NAME   MAJ:MIN RM   SIZE RO TYPE MOUNTPOINTS
sda      8:0    0 931.5G  0 disk 
├─sda1   8:1    0     1G  0 part /boot
└─sda2   8:2    0 930.5G  0 part /.snapshots
                                 /var
                                 /home
                                 /swap
                                 /
sr0     11:0    1  1024M  0 rom  

Other relevant files:

  • btrfs su l / output: subvolume-list.txt
  • ESP/EFI/BOOT/refind.conf: refind.txt
  • ESP/refind_linux.conf: refind_linux.txt (probably not relevant, I disabled internal scan in favor of only having manual stanzas, but including for completeness)

Currently running a systemd path unit workaround:
/etc/systemd/system/refind-btrfs-workaround.path

[Unit]
Description = Monitoring /.snapshots for new Snapper entries

[Path]
PathModified = /.snapshots
Unit = refind-btrfs-workaround.service

[Install]
WantedBy = multi-user.target

/etc/systemd/system/refind-btrfs-workaround.service

[Unit]
Description = Populate rEFInd snapshot stanza

[Service]
Type = oneshot
ExecStart = /usr/bin/refind-btrfs

[Install]
WantedBy = multi-user.target

If you need any other logs or alike, just let me know.

So, it seems that the problem has something to do with one process reading the /var/lib/refind-btrfs/local_db and another trying to write to it, at the same time.
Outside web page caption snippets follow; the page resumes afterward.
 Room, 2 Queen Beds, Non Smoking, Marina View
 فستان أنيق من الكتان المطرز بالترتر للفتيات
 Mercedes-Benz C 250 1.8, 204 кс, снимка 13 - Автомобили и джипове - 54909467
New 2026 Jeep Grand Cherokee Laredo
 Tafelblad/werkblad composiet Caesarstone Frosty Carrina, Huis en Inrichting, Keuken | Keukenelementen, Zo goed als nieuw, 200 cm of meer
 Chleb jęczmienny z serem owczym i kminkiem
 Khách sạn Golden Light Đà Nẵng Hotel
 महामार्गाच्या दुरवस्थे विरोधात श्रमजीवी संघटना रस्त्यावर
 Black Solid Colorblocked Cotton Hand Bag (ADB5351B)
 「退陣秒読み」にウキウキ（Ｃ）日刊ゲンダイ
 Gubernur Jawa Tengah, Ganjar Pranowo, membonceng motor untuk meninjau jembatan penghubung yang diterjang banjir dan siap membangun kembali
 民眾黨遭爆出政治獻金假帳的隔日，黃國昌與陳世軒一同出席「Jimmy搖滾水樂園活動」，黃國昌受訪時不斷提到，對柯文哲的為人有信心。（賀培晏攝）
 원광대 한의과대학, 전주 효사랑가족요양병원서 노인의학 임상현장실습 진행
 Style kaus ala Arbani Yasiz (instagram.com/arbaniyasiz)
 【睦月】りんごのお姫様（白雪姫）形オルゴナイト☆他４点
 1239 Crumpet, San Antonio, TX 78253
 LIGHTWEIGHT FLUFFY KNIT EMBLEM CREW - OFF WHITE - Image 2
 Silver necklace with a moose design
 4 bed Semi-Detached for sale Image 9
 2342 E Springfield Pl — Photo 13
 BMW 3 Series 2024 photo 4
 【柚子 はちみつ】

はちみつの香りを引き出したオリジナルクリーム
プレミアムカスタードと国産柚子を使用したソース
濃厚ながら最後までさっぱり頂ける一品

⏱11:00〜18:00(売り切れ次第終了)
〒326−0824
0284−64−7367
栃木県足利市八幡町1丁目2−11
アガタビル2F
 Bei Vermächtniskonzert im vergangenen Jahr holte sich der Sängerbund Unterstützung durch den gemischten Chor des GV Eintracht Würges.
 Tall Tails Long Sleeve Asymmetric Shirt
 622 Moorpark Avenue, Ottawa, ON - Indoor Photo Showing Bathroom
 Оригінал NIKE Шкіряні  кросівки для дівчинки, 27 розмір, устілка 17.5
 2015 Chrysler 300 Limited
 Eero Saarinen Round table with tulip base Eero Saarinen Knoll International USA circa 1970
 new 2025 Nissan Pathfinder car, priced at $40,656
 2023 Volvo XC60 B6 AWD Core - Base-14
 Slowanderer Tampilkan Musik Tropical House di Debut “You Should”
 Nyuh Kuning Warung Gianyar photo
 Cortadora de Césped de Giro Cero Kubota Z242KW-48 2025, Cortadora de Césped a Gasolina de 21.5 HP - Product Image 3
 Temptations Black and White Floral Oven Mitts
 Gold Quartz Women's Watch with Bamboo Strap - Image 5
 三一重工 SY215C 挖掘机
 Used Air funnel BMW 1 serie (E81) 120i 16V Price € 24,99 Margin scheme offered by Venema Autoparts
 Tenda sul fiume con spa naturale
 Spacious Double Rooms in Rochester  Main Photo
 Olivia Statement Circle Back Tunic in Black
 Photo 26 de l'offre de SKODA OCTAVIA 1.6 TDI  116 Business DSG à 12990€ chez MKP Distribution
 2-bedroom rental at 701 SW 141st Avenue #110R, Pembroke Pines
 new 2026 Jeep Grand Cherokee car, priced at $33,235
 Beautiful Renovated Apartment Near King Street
Why? I have no idea because I've never tried isolating the /var directory into a subvolume of its own and I don't really see why that would somehow cause this issue.

Try disabling both services ("vanilla" and your own workaround service) and run refind-btrfs "manually". Probably a stupid question but did you add a /var entry in your fstab file? I suppose you did because lsblk prints info about it.

EDIT: As far as I can tell, your workaround service will run refind-btrfs only once and then exit which isn't what's it supposed to do.

EDIT2: I'm opening and closing the local DB (really just a cache) multiple times, once per every method call. That should probably be changed but still, I have no explanation why it suddenly stopped working once you've introduced a separate subvolume for /var.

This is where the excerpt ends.